Another prominent human rights defender, Germain Rukuki, was arrested in 2017 and sentenced to 32 years in prison in 2018 on trumped-up charges related to his human rights work. His sentence was confirmed by the appeal court in 2019, but the appeal court’s decision was subsequently overturned by the Supreme Court. The appeal court reduced his sentence to one year in June 2021. He was released the same month.

Burundi’s civil society and media organizations were among the first targets of the government repression in 2015. The government suspended or closed most independent human rights organizations and media outlets and drove them into exile. Despite some overtures by President Ndayishimiye towards the media in 2021, the Burundian government continues to view human rights work with suspicion, and severe restrictions on human rights, including the right to freedom of expression, remain in place.

Most independent human rights organizations have been unable to resume their activities in Burundi, especially as the Burundian authorities have issued arrest warrants for many of their leading activists in exile. 12 human rights defenders and journalists were among a group of 34 people sentenced to life in prison in absentia in June 2020 on accusations of involvement in an attempted coup in May 2015; the Supreme Court judgment was not made public until February 2021.

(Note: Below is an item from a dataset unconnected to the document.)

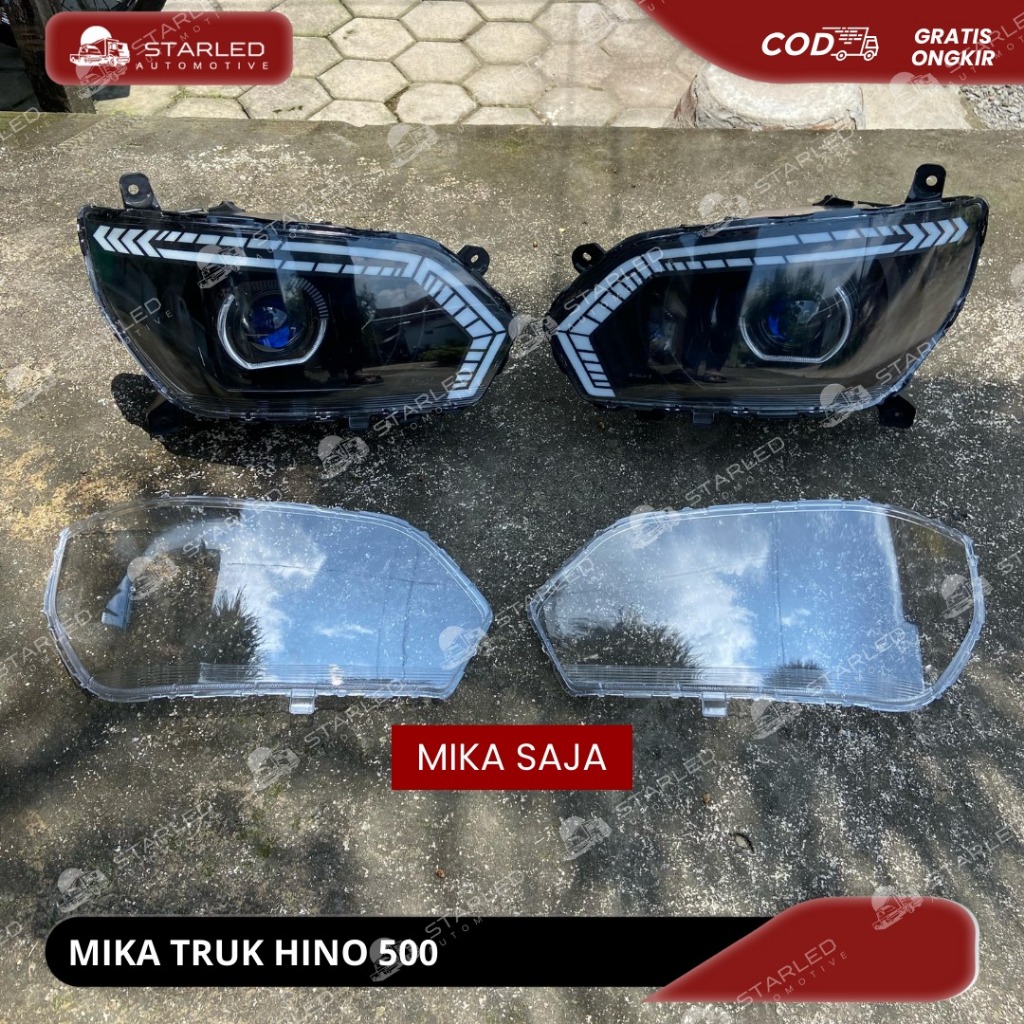 MIKA LAMPU DEPAN TRUK HINO 500 POLOS BENING MIKA HEADLAMP HINO 500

Arrest or detention as punishment for the peaceful exercise of human rights, including the right to freedom of expression, is arbitrary and violates the African Charter on Human and Peoples’ Rights, and the International Covenant on Civil and Political Rights, both of which Burundi is a state party. The UN Working Group on Arbitrary Detention has determined that those detained solely for the peaceful exercise of their human rights must be immediately released.